Selain ribuan babi guling sebagai sarana persembahan, Usaba Sumbu juga ditandai oleh kehadiran "Sumbu," simbol yang melambangkan hubungan antara Buana Agung (makrokosmos) dan Buana Alit (mikrokosmos). Sumbu ini dibuat secara bergilir oleh warga Pauman yang memiliki anak gadis (deha). Sumbu yang dihias mencapai tinggi 25 meter ini dibuat dengan penuh estetika menggunakan berbagai bahan seperti bunga lengkuas, rerenteng, reringgitan naga sari, hingga jajanan tradisional.

Guling Siyu (Sumber: Koleksi Pribadi)

Upacara dimulai dengan Nuur Prawayah, yaitu pengaturan upacara secara adat, diikuti oleh ngoreng bahan sumbu (membuat pelengkap sesajen), dan melasti atau pensucian pratima ke pantai Pasir Putih. Puncaknya adalah Nyujukang Sumbu, yakni mendirikan Sumbu di Pura Panti Kaler, dan dua hari kemudian di Pura Bale Agung. Pada sore hari, warga membawa sesajen berupa babi guling ke pura sebagai persembahan.
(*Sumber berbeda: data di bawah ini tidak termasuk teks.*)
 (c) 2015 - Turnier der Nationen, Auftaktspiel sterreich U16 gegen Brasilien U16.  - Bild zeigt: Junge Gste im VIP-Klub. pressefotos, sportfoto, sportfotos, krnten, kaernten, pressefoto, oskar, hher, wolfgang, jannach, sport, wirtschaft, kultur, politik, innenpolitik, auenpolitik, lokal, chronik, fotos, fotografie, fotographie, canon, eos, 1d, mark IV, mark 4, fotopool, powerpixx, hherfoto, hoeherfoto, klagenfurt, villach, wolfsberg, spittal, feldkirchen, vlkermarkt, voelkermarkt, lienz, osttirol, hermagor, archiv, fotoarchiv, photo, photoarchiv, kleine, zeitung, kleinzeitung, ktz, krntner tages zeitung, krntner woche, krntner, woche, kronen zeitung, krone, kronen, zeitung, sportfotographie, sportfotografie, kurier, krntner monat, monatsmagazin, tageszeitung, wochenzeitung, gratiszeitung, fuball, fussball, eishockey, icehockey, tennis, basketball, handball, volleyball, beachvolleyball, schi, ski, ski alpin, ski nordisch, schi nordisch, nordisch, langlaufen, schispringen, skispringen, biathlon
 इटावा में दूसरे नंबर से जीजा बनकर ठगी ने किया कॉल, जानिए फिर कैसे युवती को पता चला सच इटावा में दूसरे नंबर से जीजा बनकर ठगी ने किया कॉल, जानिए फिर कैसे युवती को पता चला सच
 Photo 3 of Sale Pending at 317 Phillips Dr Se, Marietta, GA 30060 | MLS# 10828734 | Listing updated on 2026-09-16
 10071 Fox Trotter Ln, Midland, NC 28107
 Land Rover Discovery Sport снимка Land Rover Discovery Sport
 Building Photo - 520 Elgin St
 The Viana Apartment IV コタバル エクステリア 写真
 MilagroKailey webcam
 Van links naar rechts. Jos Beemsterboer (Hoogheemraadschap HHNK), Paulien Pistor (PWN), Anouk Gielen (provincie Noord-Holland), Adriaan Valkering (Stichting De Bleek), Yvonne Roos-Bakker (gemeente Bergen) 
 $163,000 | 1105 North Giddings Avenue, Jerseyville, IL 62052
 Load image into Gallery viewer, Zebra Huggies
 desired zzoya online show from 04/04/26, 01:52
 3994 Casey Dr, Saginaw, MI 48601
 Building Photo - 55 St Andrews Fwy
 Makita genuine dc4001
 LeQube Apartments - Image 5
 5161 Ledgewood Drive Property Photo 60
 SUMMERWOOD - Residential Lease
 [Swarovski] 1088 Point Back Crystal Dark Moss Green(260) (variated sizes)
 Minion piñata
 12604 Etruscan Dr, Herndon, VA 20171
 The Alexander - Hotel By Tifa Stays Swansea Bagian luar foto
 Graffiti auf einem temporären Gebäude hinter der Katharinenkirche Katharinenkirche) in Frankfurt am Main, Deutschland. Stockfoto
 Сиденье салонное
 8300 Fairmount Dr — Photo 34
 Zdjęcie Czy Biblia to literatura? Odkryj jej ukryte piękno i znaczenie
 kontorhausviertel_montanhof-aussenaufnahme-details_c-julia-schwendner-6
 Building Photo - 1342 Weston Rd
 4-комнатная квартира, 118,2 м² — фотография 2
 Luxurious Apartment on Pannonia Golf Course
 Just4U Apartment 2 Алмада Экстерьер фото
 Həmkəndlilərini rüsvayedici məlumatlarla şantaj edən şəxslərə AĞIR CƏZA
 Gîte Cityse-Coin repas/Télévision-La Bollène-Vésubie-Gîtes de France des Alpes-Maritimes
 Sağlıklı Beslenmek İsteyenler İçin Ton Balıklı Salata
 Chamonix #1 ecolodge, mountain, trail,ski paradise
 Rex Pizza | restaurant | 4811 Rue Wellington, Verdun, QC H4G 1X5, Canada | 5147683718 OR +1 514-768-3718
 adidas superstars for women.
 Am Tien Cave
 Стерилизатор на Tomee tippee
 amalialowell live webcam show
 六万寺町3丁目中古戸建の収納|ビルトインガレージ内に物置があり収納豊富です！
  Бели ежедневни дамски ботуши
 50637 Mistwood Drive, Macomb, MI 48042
Rangkaian selanjutnya adalah Usaba Sumbu Kelod, yang diawali dengan ritual mebiasa di mana jempana (simbol Bhatara) diarak mengelilingi desa. Ritual ini melibatkan berbagai pihak seperti prabagus, pragaluh, bapa desa, kubayan, dan krama desa. Setelahnya, digelar tradisi mebarang, di mana teruna adat memperebutkan Jempana sebagai bentuk penghormatan dan pelestarian budaya. Perayaan ditutup dengan nyimpen, yaitu penyimpanan pratima di Pura Bale Agung, dan disemarakkan oleh Tari Rejang Timbrah yang ditarikan semalam suntuk oleh para gadis desa.

Tradisi ini tidak hanya menjadi cerminan keagamaan, tetapi juga memiliki nilai budaya, persaudaraan, dan ekonomi. Nilai budaya tampak dari pelestarian tradisi sebagai identitas masyarakat Desa Timbrah. Nilai persaudaraan tercermin dari tradisi ngejot, yaitu berbagi kepada sesama, terutama bagi mereka yang kurang mampu. Dari sisi ekonomi, permintaan akan babi dan ternak lainnya meningkat, sehingga mendorong masyarakat untuk membuka usaha peternakan yang secara tidak langsung mendukung perekonomian setempat.

Usaba Sumbu dengan Tradisi Guling Siyu adalah simbol harmoni masyarakat Desa Timbrah dengan alam, Tuhan, dan sesamanya, yang menjadikan tradisi ini sebagai warisan budaya yang berharga.